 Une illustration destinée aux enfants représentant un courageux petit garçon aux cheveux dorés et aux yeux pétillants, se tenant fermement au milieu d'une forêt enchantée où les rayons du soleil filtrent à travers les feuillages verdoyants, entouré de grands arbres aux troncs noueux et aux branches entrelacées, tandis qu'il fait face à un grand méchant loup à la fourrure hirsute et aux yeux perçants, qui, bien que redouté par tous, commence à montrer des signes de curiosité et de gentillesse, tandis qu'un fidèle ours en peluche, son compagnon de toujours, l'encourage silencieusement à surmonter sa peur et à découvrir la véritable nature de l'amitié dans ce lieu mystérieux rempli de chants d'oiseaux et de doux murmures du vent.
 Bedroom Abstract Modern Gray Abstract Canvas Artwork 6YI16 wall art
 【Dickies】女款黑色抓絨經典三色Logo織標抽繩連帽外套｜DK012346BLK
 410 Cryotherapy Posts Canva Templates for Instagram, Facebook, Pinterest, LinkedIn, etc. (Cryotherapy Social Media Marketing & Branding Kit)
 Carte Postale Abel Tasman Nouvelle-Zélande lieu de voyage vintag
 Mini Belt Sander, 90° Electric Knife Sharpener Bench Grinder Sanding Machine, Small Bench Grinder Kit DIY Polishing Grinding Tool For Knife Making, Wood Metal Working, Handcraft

--

> **WORK TASK**
Reproduce the entries exactly. Every word has to stay the same.

> **RESPONSE TO THE TASK**
 Une illustration destinée aux enfants représentant un courageux petit garçon aux cheveux dorés et aux yeux pétillants, se tenant fermement au milieu d'une forêt enchantée où les rayons du soleil filtrent à travers les feuillages verdoyants, entouré de grands arbres aux troncs noueux et aux branches entrelacées, tandis qu'il fait face à un grand méchant loup à la fourrure hirsute et aux yeux perçants, qui, bien que redouté par tous, commence à montrer des signes de curiosité et de gentillesse, tandis qu'un fidèle ours en peluche, son compagnon de toujours, l'encourage silencieusement à surmonter sa peur et à découvrir la véritable nature de l'amitié dans ce lieu mystérieux rempli de chants d'oiseaux et de doux murmures du vent.
 Bedroom Abstract Modern Gray Abstract Canvas Artwork 6YI16 wall art
 【Dickies】女款黑色抓絨經典三色Logo織標抽繩連帽外套｜DK012346BLK
 410 Cryotherapy Posts Canva Templates for Instagram, Facebook, Pinterest, LinkedIn, etc. (Cryotherapy Social Media Marketing & Branding Kit)
 Carte Postale Abel Tasman Nouvelle-Zélande lieu de voyage vintag
 Mini Belt Sander, 90° Electric Knife Sharpener Bench Grinder Sanding Machine, Small Bench Grinder Kit DIY Polishing Grinding Tool For Knife Making, Wood Metal Working, Handcraft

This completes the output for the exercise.